This article by Brenda Harvieux originally appeared in the March/April issue of Northern Gardener.
CAPI is a nonprofit organization that serves more than 4,000 low-income immigrants and refugees primarily living in Hennepin County. Within its food and nutrition services, CAPI offers a garden program that creates access to culturally suitable food for Hmong, Laotian and other Southeast Asian immigrant families.
“Having seeds and plants from the Minnesota Green program has helped provide enough food for the gardeners to grow, and they have fun trying new plants they haven’t been exposed to before,” says Rachel Murphy, CAPI’s food and nutrition services coordinator.
The gardens include the Eden Prairie Senior’s Garden, where more than 60 Hmong elders garden. Several smaller garden sites provide plots to immigrants living in various communities. The newest addition is the Coon Rapids Garden, where CAPI rents 4 acres. “With this garden, we work with people who are interested in growing food for their families and also selling it at a farmers market,” says Rachel. “We want to encourage local food systems while helping them earn a little money.”
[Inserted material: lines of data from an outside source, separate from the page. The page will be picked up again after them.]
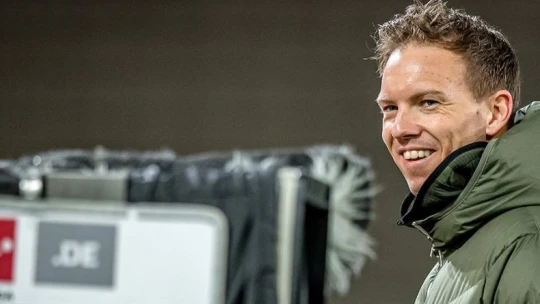 Rekord összegért vált csapatot Gulácsiék edzője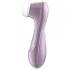 Satisfyer Pro 2 Gen2 - klitorisvibrator med opladning - lilla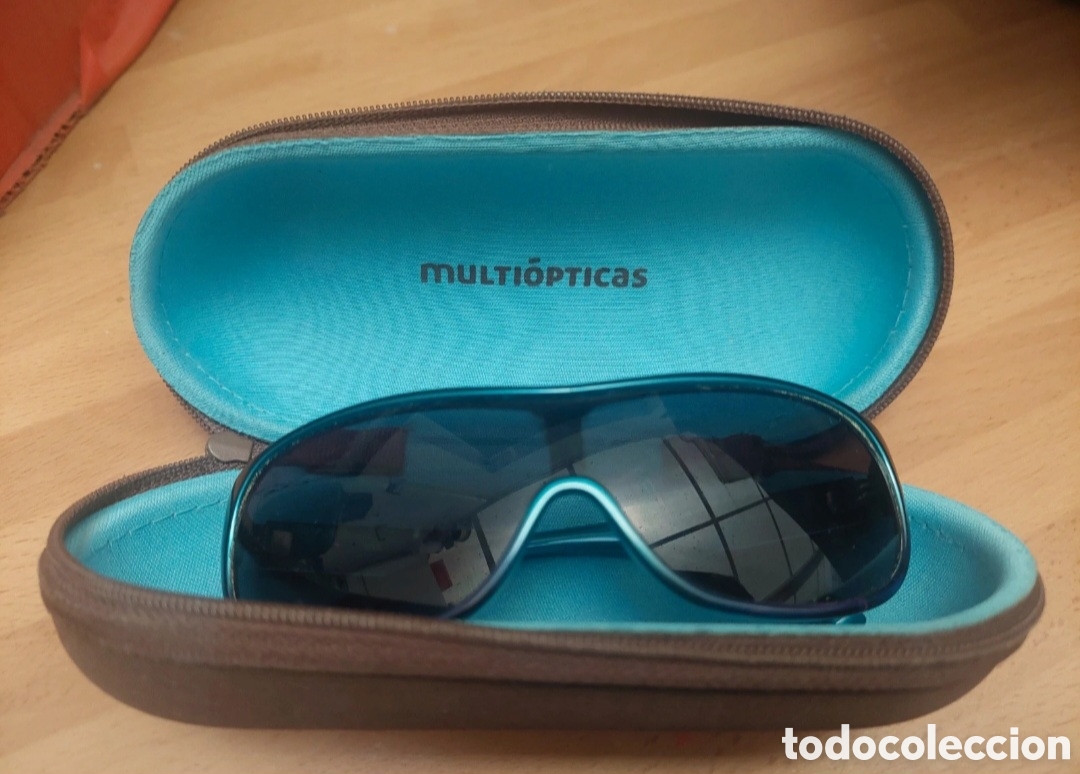 Segunda mano: Gafas de sol nin̈o M&oacute; - Foto 7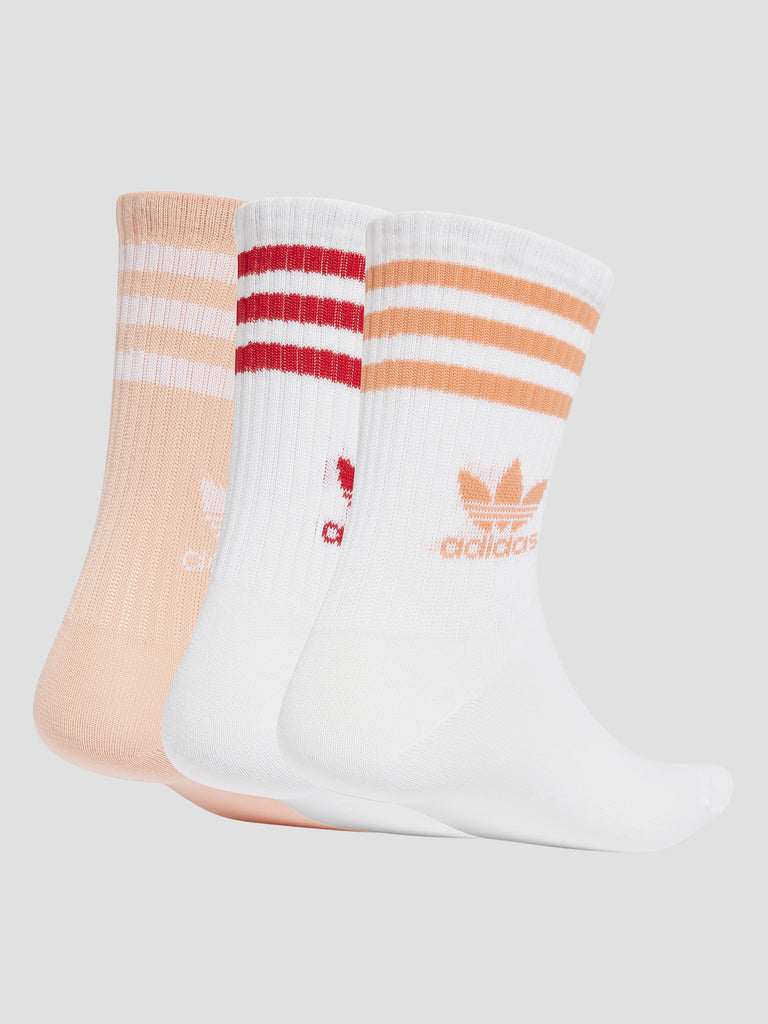 ADIDAS JI9472WHITE GLOW PINK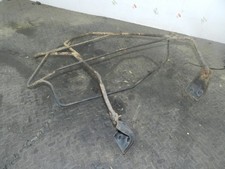 162. 1996 HONDA SMX. SPARE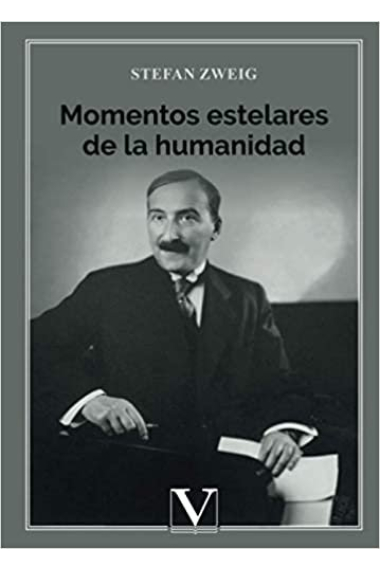 Momentos estelares de la humanidad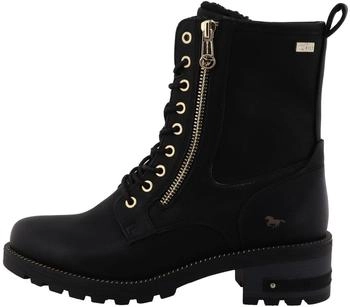 AnzeigeRieker Damen Klassische Stiefeletten Y0783 Produktbild-Vorschau 4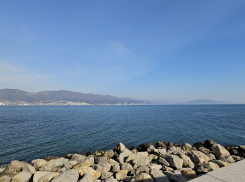 Куда ехать отдыхать? Отели Новороссийска прославились на всю Россию 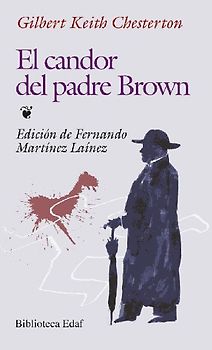 El candor del padre Brown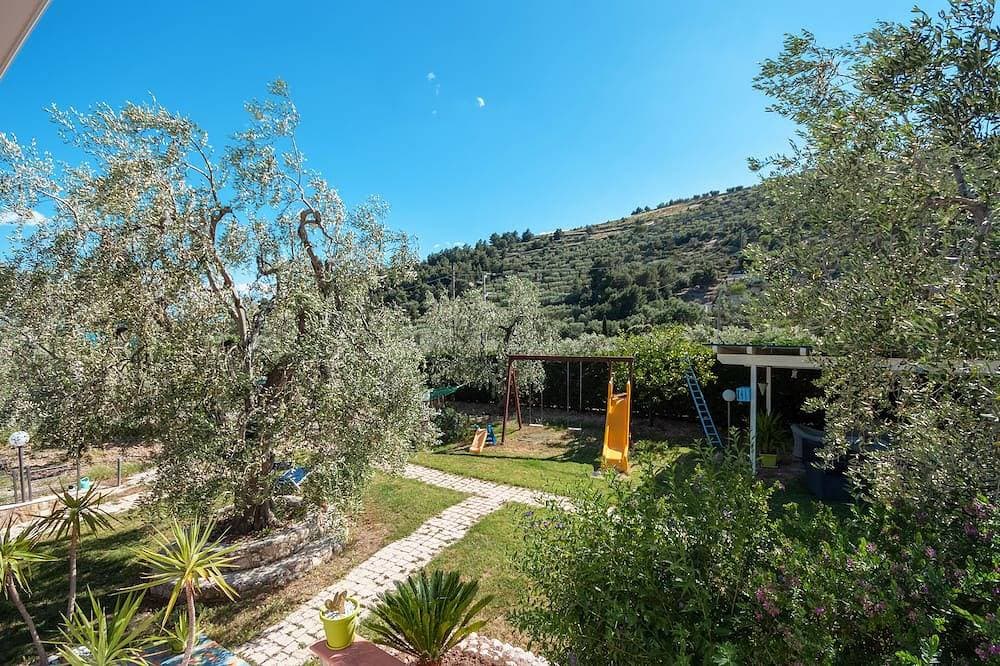 Foto 10 von 26: Violet Tordilupo B&B in Gargano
CAPI has seen the great mental and physical benefits of gardening for program participants. “It’s fun to talk to all the gardeners, to see what they’re growing, and to try their food,” says Rachel. “It’s really special going out in the garden with the seniors—they are so energetic and happy to be out in the sun with plants.”
This year, CAPI’s headquarters will be moving to Brooklyn Center. “We’re looking forward to connecting with gardeners there, and maybe having an on-site garden,” says Rachel.